Flexural toppling failure is one of the most common instabilities in large underground caverns and occurs when the steeply inclined rock layers form a small angle to the cavern axis. This study investigates a typical flexural toppling failure in the underground powerhouse at the Wudongde hydropower station, Southwest China, using in situ tests and numerical tools. The characteristics of flexural toppling failure in the large underground caverns were initially analysed by field observations and conventional testing methods, including the use of multipoint extensometers, acoustic wave tests and borehole television images. A high-resolution microseismic monitoring system was installed in the right main powerhouse to reveal new and important insights into the mechanisms of typical failures that occur in bedded rock masses.

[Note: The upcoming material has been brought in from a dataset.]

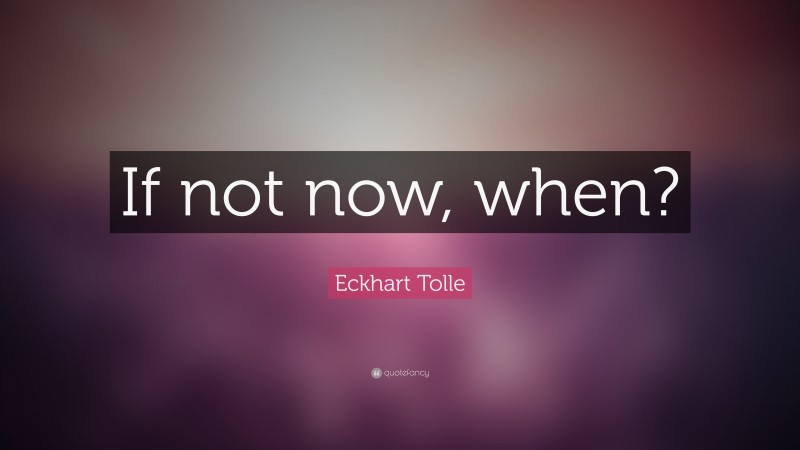 Eckhart Tolle Quote: “If not now, when?”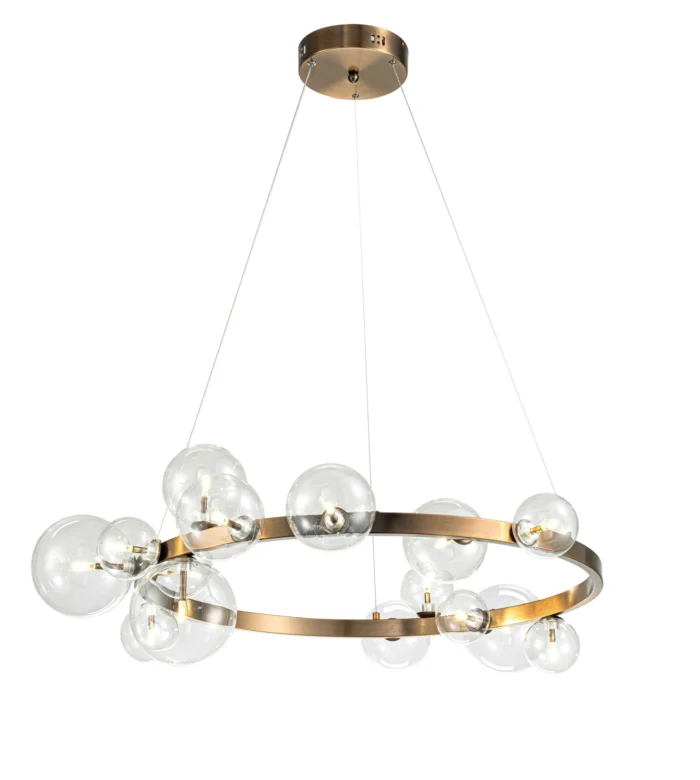 Wimbledon taklampe Ø130 H20 24 lys. Clear Crystal/Bronze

The fracturing processes of the rock mass associated with the flexural toppling failure were analysed based on microseismic monitoring data, and the development of flexural toppling failure was related to shear failure. Then, the discrete element method was used to further investigate the effect of geological planes on the formation of flexural toppling failure. Finally, the complex mechanism of flexural toppling failure was evaluated by incorporating field observations, in situ monitoring and numerical modelling. An effective method of preventing this type of failure in underground caverns was analysed. The results can improve our understanding of flexural toppling failure in the underground caverns of the Wudongde hydropower station, and the proposed method can be adopted to study similar large underground caverns.